At that moment the British and its Allies set up a military cantonment and an aerodrome at Bogorijeng, which is located 5 km north from the present Golaghat town.
In order to cater to the need of food supply to the military personnel, the British established a huge animal husbandry farm at Chinatoli.

A period, which was marked by poor surface communication links, the Allied forces transported arms and ammunition through the waterways of Dhansiri river which is just a few km west of Bogorijeng. A meter gauge railway line from Mariani to Furkating had in the meantime been completed and another sub-track from Halmira Saiding to the Bogorijeng camp was opened later on. This 7 km-long railway line is now completely abandoned but has remained intact. In fact 10 RCC bridges are still standing strong as relics of those bygone times. The Second World War ended in 1945 and the military base at Bogorijeng was also closed down. But the abandoned railway line and aerodrome, along with a war-ravaged fighter plane, was lying on the surface till the 1960s.

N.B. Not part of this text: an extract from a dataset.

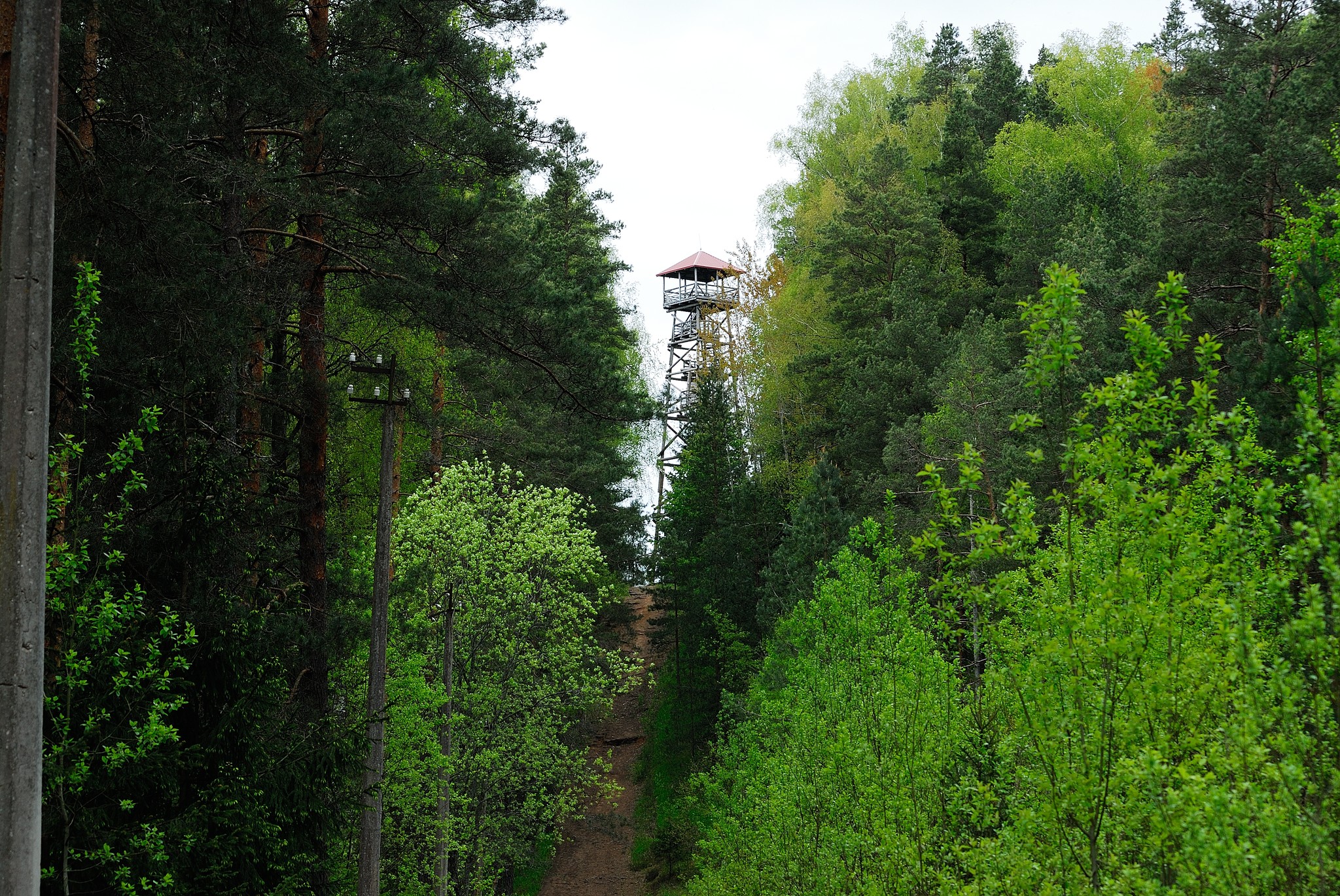 zaļie kalni, photo by vnkrskdr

Local elderly citizens revealed the fact that during the Indo-China war in 1962, the iron and steel material of the ill-fated aircraft and railway tracks were collected from this site by some government personnel. Today, the 4 km stretch of abandoned railway line is used as a public road by local people of nearby Noragaon, Jogibari, Na-bheta and Bogorijeng villages.

==Education==
- Golaghat Engineering College
- Residential Girl's Polytechnic
- Pulibor Adarsha Vidyapith

==Transportation==

Air: Rowriah Airport is the nearest airport.

Rail: The main railway junction of Golaghat is at Furkating, which is around 10 kilometers from Pulibor.

Road: Pulibor is connected to Golaghat via PHG Path that also connects towards dergaon. A bypass has been created that connects via pulibor towards dergaon from rangajan which is connected with Asian highway 1 for further expansion of Golaghat town area.